The CFPB recently issued supervisory highlights to apprise the public and the financial services industry about its supervisory goals and accomplishments. The CFPB has identified institutions with deficient compliance management systems (CMS), including fair lending compliance programs and regulatory violations related to credit cards, credit reporting and mortgage lending. The highlights discuss the CFPB’s three public enforcement actions to date, some of which addressed deceptive practices by credit card issuers to market credit card add-on products. It also discusses the CFPB’s non-public supervisory actions, some of which addressed violations of the “ability to pay” provisions of the CARD Act.

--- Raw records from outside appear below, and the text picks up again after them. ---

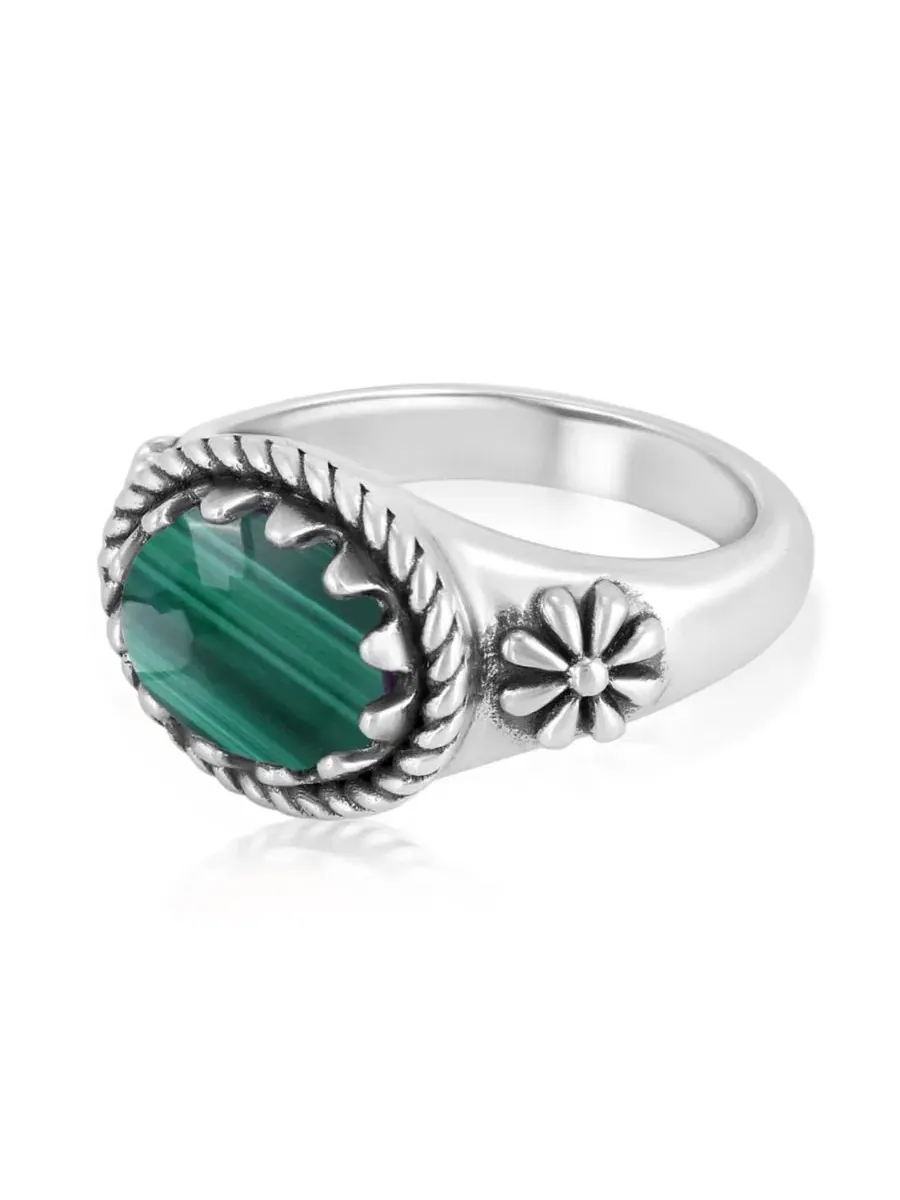Серебряное кольцо с малахитом «Восток-Запад» American West Jewelry — изображение 3 из 6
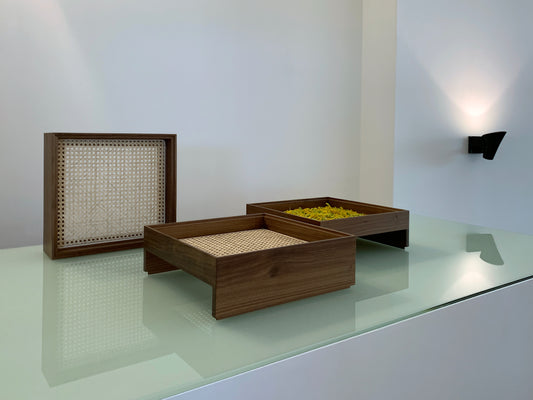 3er Set - Nussbaum - 40 cm x 40 cm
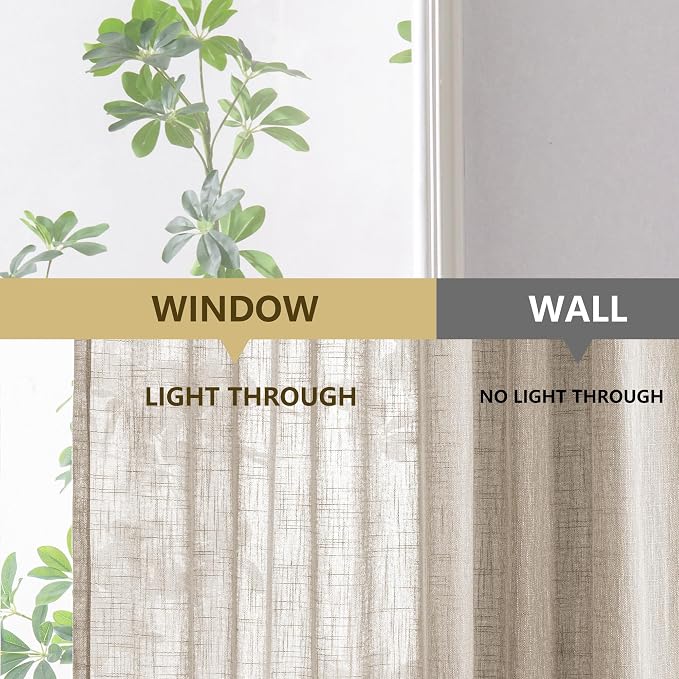MYSKY HOME Kitchen Semi Sheer Oatmeal Curtains 24 Inch Long, Light Filtering - Image 8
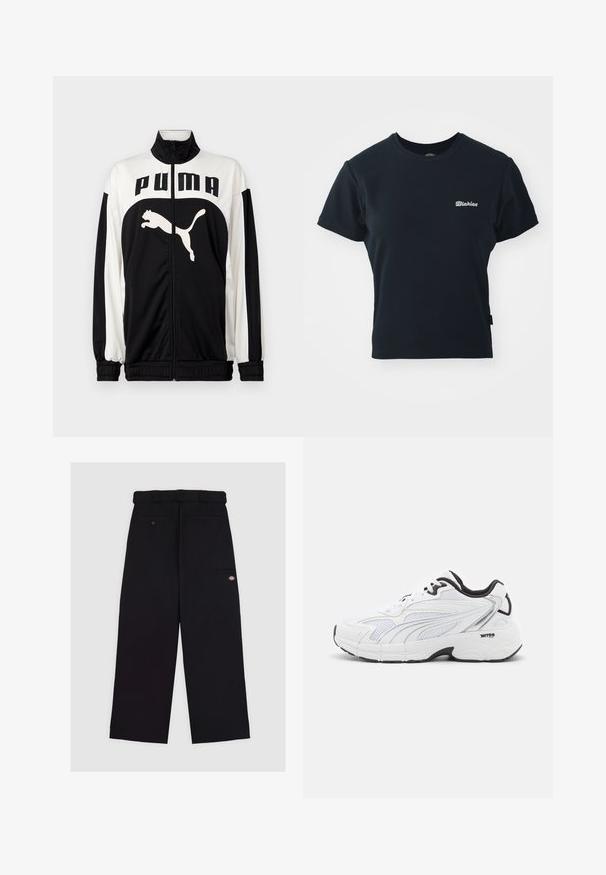 Fekete-fehér zipzáras dzseki magas gallérral, elöl a "PUMA" logóval és egy ugró macska grafikával. Simított, könnyű anyagból készült.; Fekete pamut póló rövid ujjakkal, kerek nyakkivágással és kis fehér hímzett logóval a mellkason. Klasszikus, testhezálló kialakítás.; Fekete nadrág sima textúrájú anyagból. Egyenes lábú kialakítással, övhurkos derékkal és több zsebbal rendelkezik.; Fehér sportcipő, hálós felsőrésszel, fekete részletekkel, textúrált panelokkal és párnázott talppal a kényelem és támogatás érdekében.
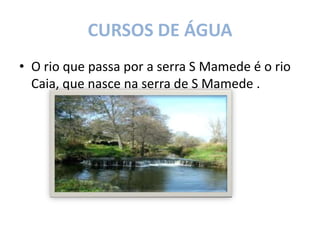 CURSOS DE ÁGUA
• O rio que passa por a serra S Mamede é o rio
Caia, que nasce na serra de S Mamede .
 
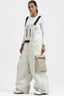 Women's Off White Workwear Style Snow Bibs Built-in Belt Super Baggy Ski Bibs - Gsou Snow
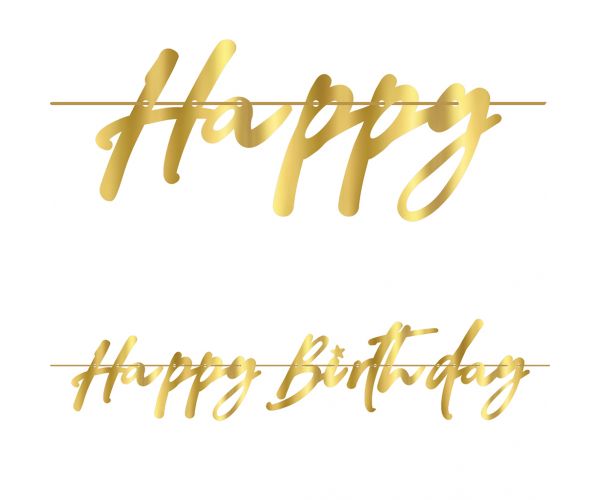 Happy Birthday fűzér – arany színben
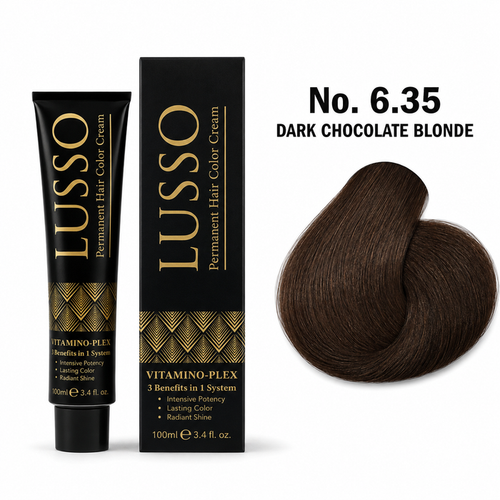LUSSO Permanent Hair Colour Cream 100 ml No. 6.35 Dark Chocolate Blonde with colour swatch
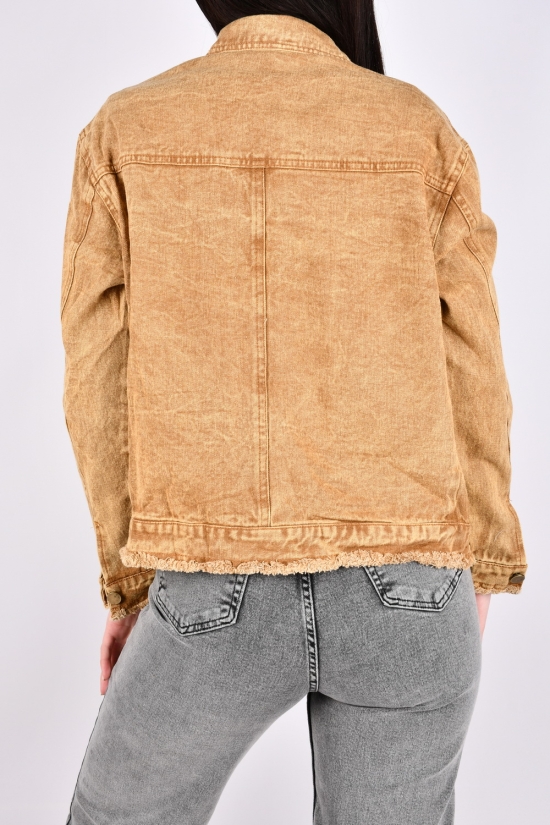 Пиджак женский джинсовый (цв.горчичный) "BASE" Размеры в наличии : 44, 46 арт.A7671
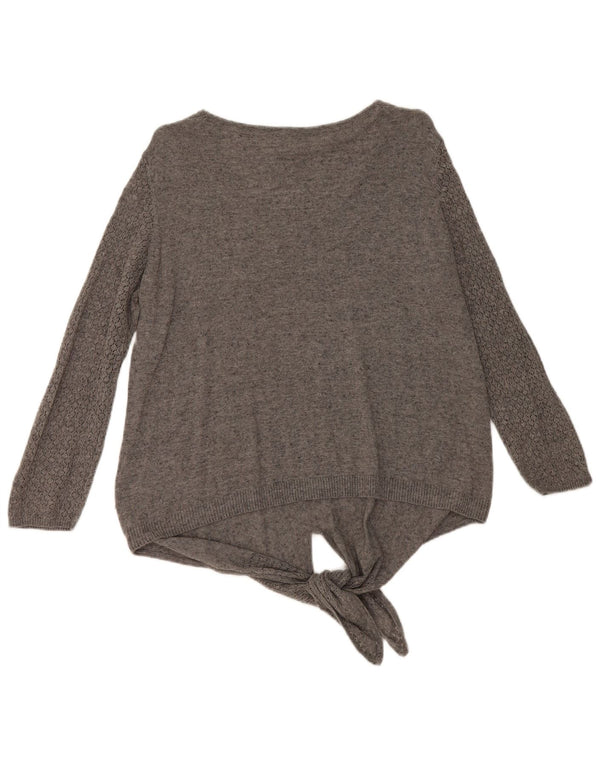 Fat Face Womens Boat Neck Jumper Sweater UK 16 Large Grey Cotton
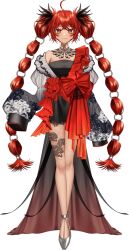 1girl ahoge black_dress bond_en bondlive closed_mouth dark-skinned_female dark_skin detached_hair dress flower_tattoo full_body grey_shoes hair_between_eyes leg_tattoo long_hair long_sleeves lycoris_the_crimson_widow official_art orange_eyes puffy_long_sleeves puffy_sleeves red_hair shoes simple_background sleeves_past_fingers sleeves_past_wrists smile solo standing tachi-e tattoo transparent_background twintails very_long_hair virtual_youtuber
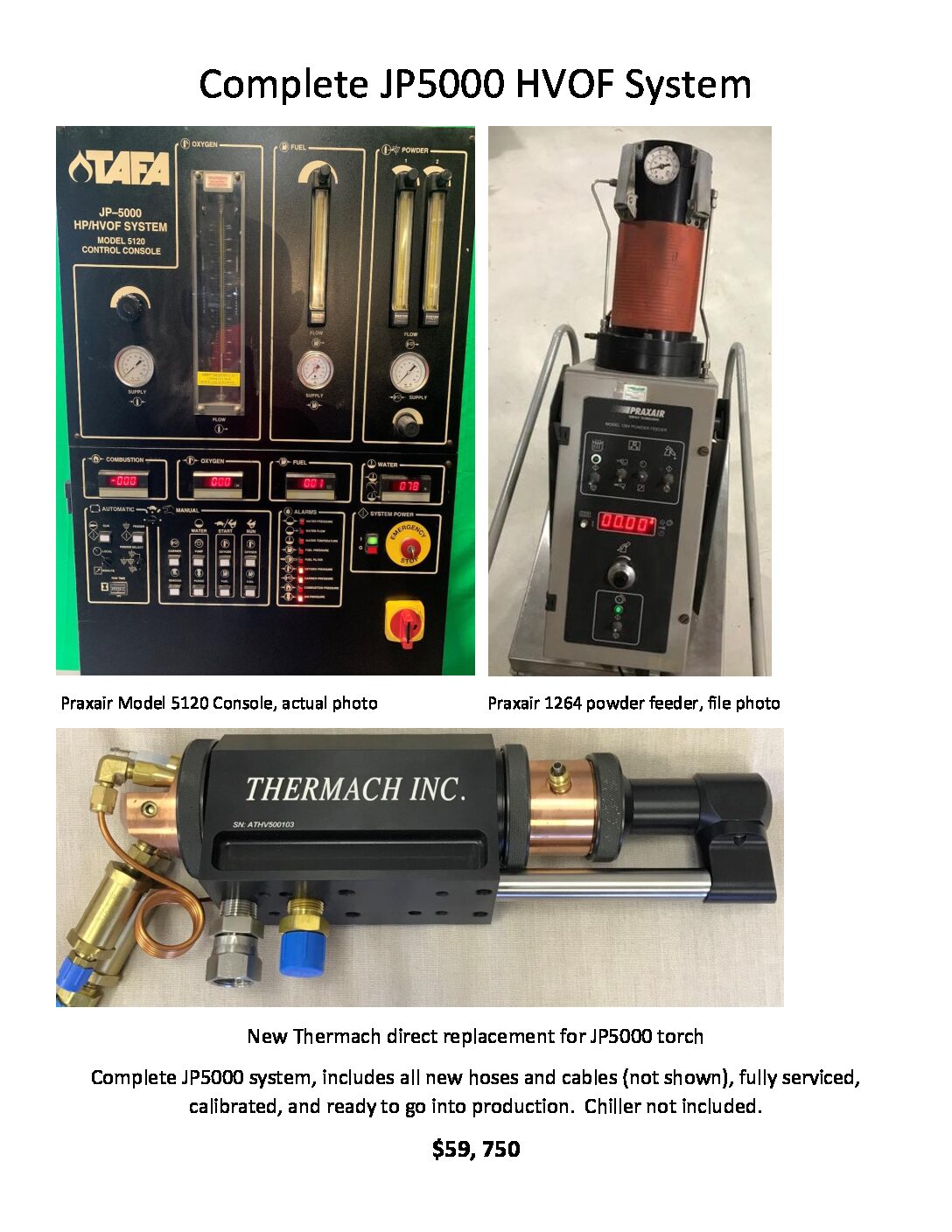 Jp5000 hvof hotsell for sale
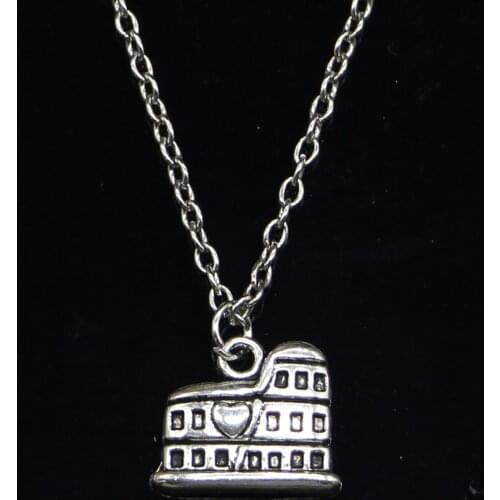 20pcs New Fashion Necklace 16x13mm roman colosseum rome italy Pendants Short Long Women Men Colar Gift Jewelry Choker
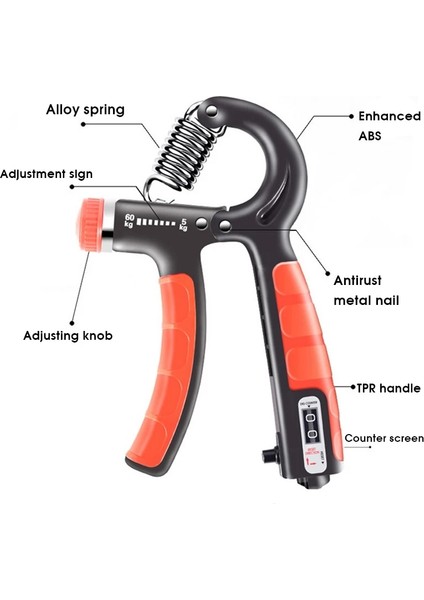 Sayaç Stili ile Gri Ayarlanabilir Ağır Tutucu Fitness El Egzersiz Aleti Kavrama Fatgrip Bilek Mukavemet Artırma Yay Parmak Arpal Genişletici (Yurt Dışından) modelleri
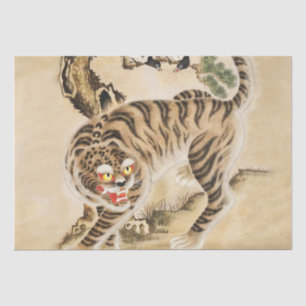 Papel De Seda Tigre Minhwa Antigo sob Árvore de Pinheiro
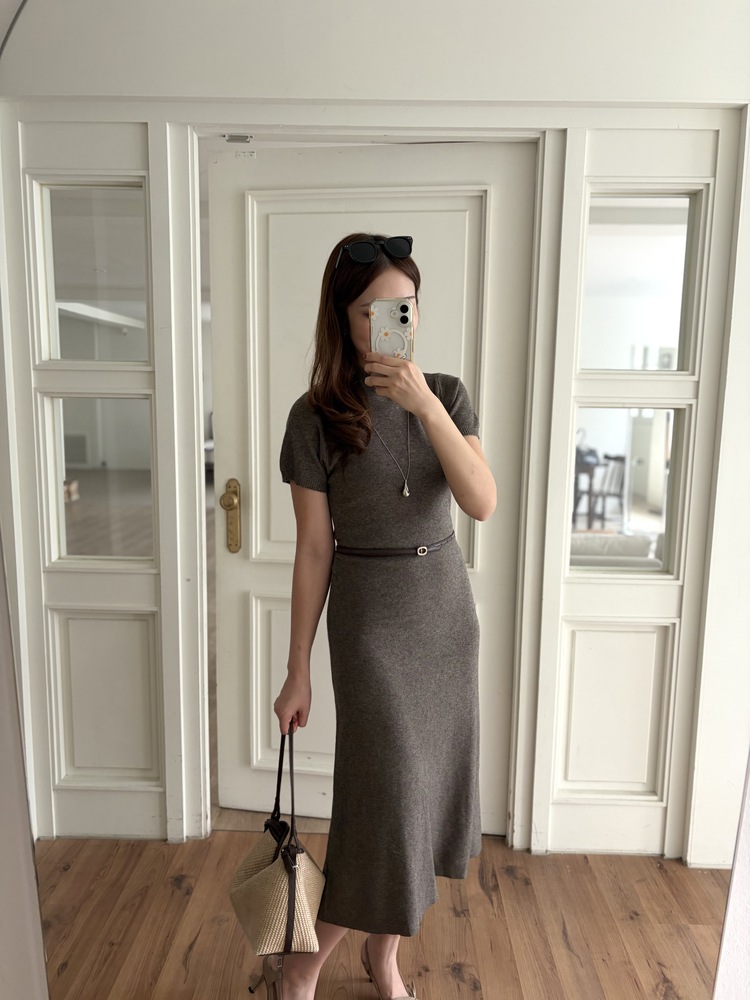 Timeless Belted Knit Dress (Brown)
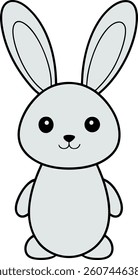 Cute white Easter bunny cartoon.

Institutions should ensure that their CMSes are appropriate for their nature, size and complexity. In evaluating a CMS, CFPB examiners consider “whether financial institutions have effectively addressed internal controls and oversight, training, internal monitoring, consumer complaint response, independent testing and audit, third-party service provider oversight, recordkeeping, product development and business acquisition, and marketing practices.”

A theme in the highlights and the CFPB’s public enforcement actions is the importance of third-party service provider (TPSP) oversight. The CFPB has made it clear that institutions may be held responsible for the actions of their TPSPs.

Institutions should also comply with the fair lending laws and adhere to best practices. As discussed in the highlights, CFPB examiners have found that well-developed fair lending compliance programs contain the following:

  • An up-to-date fair lending policy statement
  • Regular fair lending training for all employees, officers and board members
  • Ongoing monitoring for compliance with fair lending policies and procedures
  • Regular statistical analysis of loan data for potential disparities on a prohibited basis in pricing, underwriting, or other aspects of the credit transaction, including both mortgage and non-mortgage products, such as credit cards, auto lending and student lending
  • Regular assessment of marketing
  • Meaningful oversight by management and the board.

Institutions should also make sure their products and services comply with consumer rules over their entire life cycle, including through development, marketing, sale and management. Title X of the Dodd-Frank Act prohibits unfair, deceptive and abusive acts and practices (UDAAP) in connection with consumer financial products and services. If the CFPB’s initial enforcement actions are any guide, UDAAP will play a major role in the CFPB’s enforcement efforts. While the financial services industry remains highly interested in how the CFPB will interpret and enforce the new “abusive” standard, it is unlikely the CFPB will issue regulations interpreting that standard or bring enforcement actions based upon it in the near future.


III. Rulemakings

The CFPB is working on several mortgage-related rules required by the Dodd-Frank Act. Significantly, it published a proposed rule to combine the mortgage disclosure forms required under the Real Estate Settlement Procedures Act and the Truth in Lending Act. The rule would create new Loan Estimate and Closing Disclosure forms that highlight important information for consumers and provide clear warnings about features that consumers might want to avoid, such as prepayment penalties and negative amortization. Another rule that has peeked the industry’s interest would require creditors to determine whether a borrower has the ability to repay a mortgage loan and would establish a “qualified mortgage” standard for compliance. The CFPB also proposed rules related to mortgage servicing, homeownership counseling, high cost mortgages and appraisals for “higher-risk mortgages.”

Significantly, if the CFPB does not issue final rules to implement Title XIV of the Dodd-Frank Act by Jan. 21, 2013, sections of that title for which regulations have not been issued will become immediately effective. Thus, the CFPB will likely issue a flurry of final rules before the Jan. 21 deadline.

Entities that are potentially subject to the CFPB’s jurisdiction should continue to follow the CFPB’s pronouncements, rulemaking and enforcement proceedings closely to ensure compliance in the constantly changing regulatory environment.